半月振りのダミアンは…心なしか、少し窶れたようにも思う。
「…大丈夫ですか?少し痩せたみたいですけど…」
「あぁ、そうかも知れないね。色々と忙しくてね。ゆっくり休む暇もない」
苦笑しながらそう言ったダミアン。それに関しては婚姻の儀の準備が始まっているのだから、当然と言えば当然。
「…それで?今日はどうしたんだい?」
にっこり笑ってそう問いかけられ…ルークは一瞬躊躇う。けれど、その笑顔を護らなければ…その想いで一杯だった。
「…ジュリアンと連絡を取りたいのですが…」
そう切り出したルークに、ダミアンの表情が一瞬変わった気がした。
「…ジュリアン?このところ良く呼び出されるね。昨日、今日とエースもジュリアンと連絡を取りたいと言っていたしね。連絡を入れてみるが…まだ残っているかはわからないよ?」
「…はぁ…」
昨日の件は、ルークも聞いたので知っている。けれど、今日もまたジュリアンを呼び出しているとは…余計な事は言わないだろうが、エースなりに引っかかるところがあって探りを入れているのは確かだった。
ルークがそんな事を考えている間に、ダミアンは"特別警備隊"のジュリアンへと連絡を入れていたようだが、呼び出し音がするだけ。どうやら捕まらないようだった。

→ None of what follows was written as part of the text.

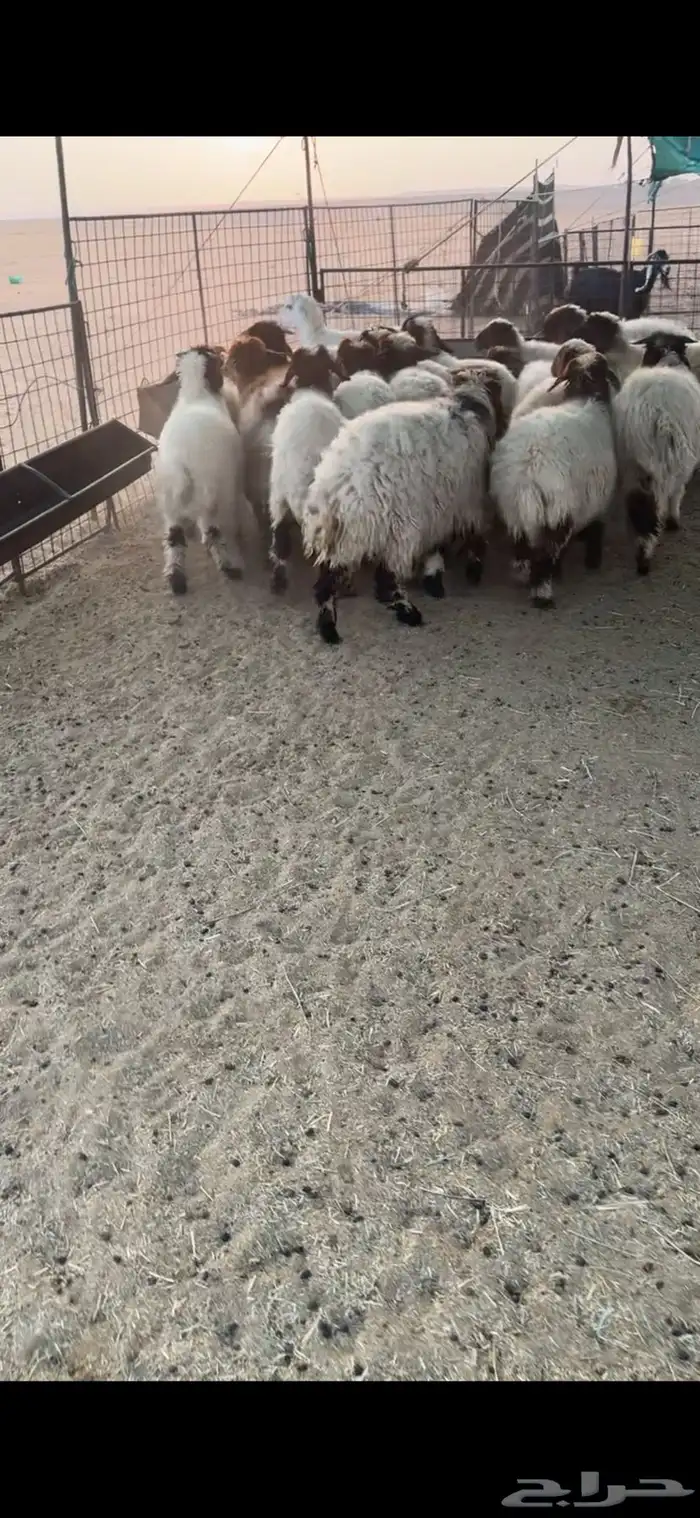 بهم نعيم طيب 3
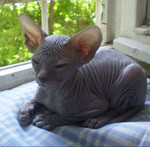 Донской сфинкс.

「…駄目だね。今日はもう帰ってしまったようだ。時間も遅いしね」
そう言って時計へと視線を向ける。確かに、職務時間が過ぎてからここへ訪ねて来ているので、既に帰ってしまっていても不思議ではない。
「…じゃあ、後日また改めます」
「そうかい?じゃあ、そうしておくれ」
そう言うと、ダミアンは椅子から立ち上がる。そして。
「今日はもう帰ろうか。どうだい?久し振りに、寄って行かないか?」
珍しいダミアンからの誘いに、ルークは一つ息を吐き出す。
今までなら、何の躊躇いもなく喜んで着いて行っていた。だが、婚約した今…果たして自分がそこに行っても良いのかどうか。
「…心配しなくても、他には誰もいないよ?今までと、何の変わりもないから」
ルークの表情でその思考を読んだのか、くすっと笑いを零すダミアン。
そして、そっとルークへと歩み寄ると、その耳元で小さく囁く。
「たまには…わたしにも、息抜きをさせておくれ」
そう言われ、その耳に軽く口付けられる。そんな事をされてしまうと…最早、ルークに拒否権はない訳で。

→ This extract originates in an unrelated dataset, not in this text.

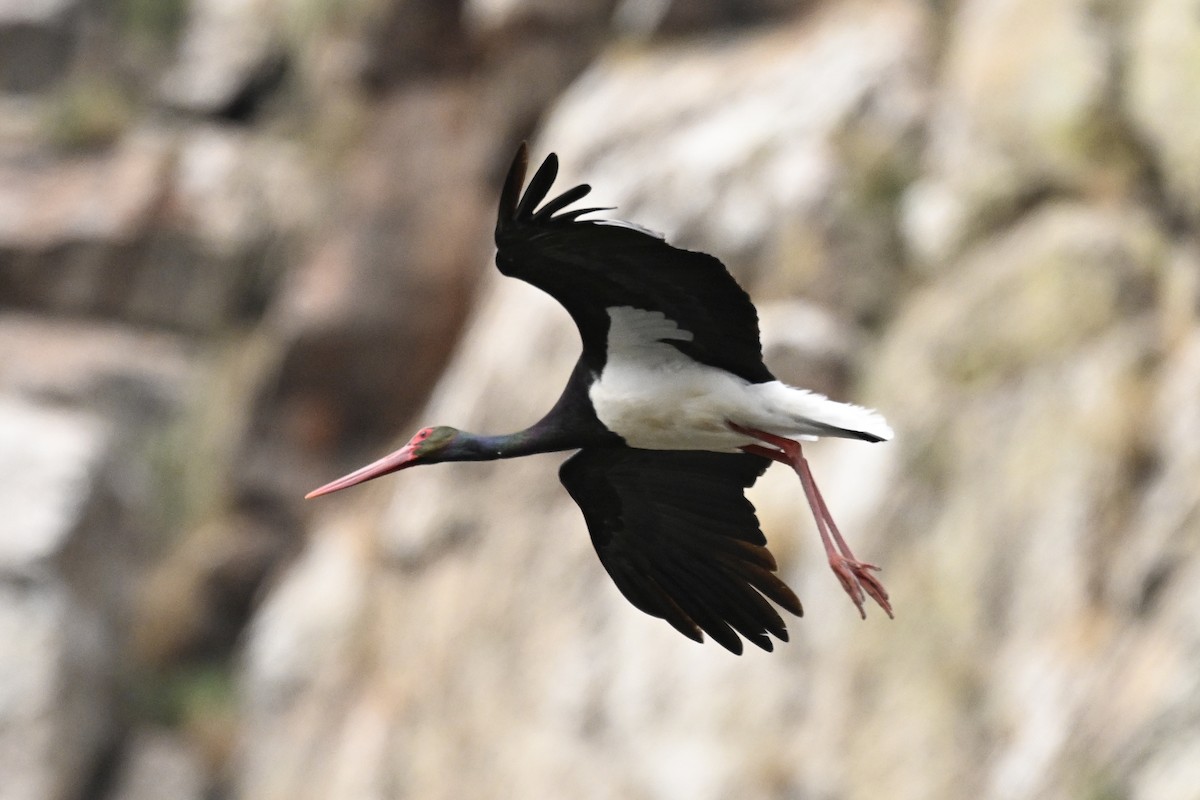Black Stork - Anonymous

僅かに赤くなった顔で小さく頷くと、その頭の上に乗せられた掌。それは…とても、温かい。そして…たったそれだけの事でも、とても胸が高鳴る。
こんな興奮は、他の誰が触れても味わえない。相手がずっと恋焦がれていたダミアンだからこその高鳴りなのだ。
「…遠慮しませんよ?」
思わず口をついて出た言葉に、ダミアンの笑顔が返って来る。
「勿論構わないよ」
久し振りのその甘い囁きに飲み込まれる。
その夜は、ダミアンもルークも、実にのんびりと…そして、甘い時間を過ごしたのだった。
翌日の朝一番にジュリアンに連絡を取って貰うと、ルークは自分の執務室で彼が来るのを待っていた。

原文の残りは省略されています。